◆ **Assignment**
Write out the data that follows exactly, keeping every picture out.

◆ **Material provided**
——

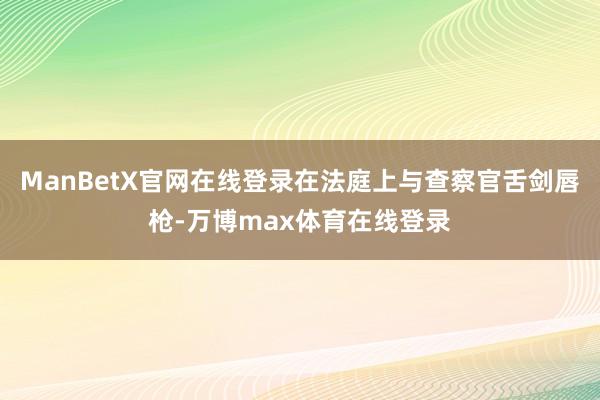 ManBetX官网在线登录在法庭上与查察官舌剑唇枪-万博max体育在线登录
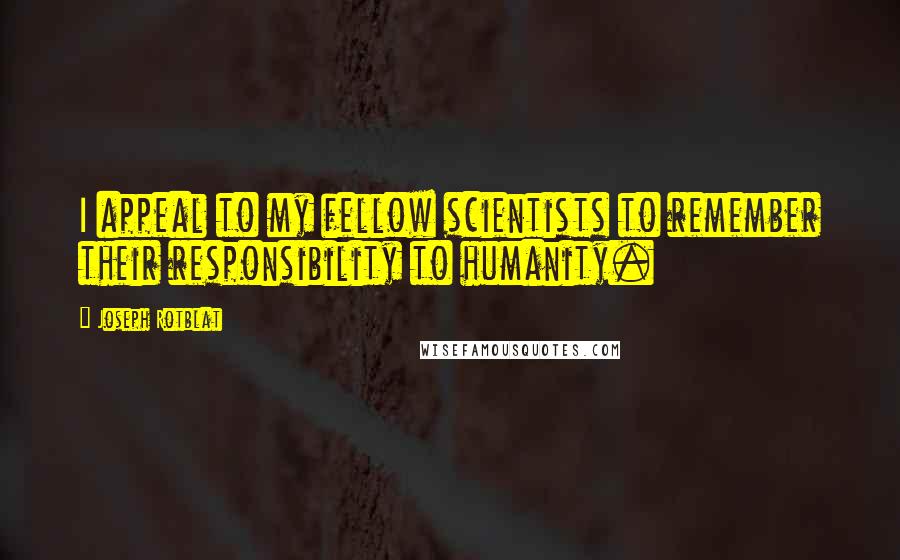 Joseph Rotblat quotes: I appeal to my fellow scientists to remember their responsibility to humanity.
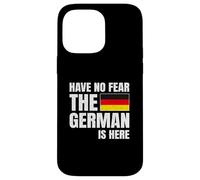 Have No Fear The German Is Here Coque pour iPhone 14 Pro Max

——

◆ **Response area**
 ManBetX官网在线登录在法庭上与查察官舌剑唇枪-万博max体育在线登录
 Joseph Rotblat quotes: I appeal to my fellow scientists to remember their responsibility to humanity.
 Have No Fear The German Is Here Coque pour iPhone 14 Pro Max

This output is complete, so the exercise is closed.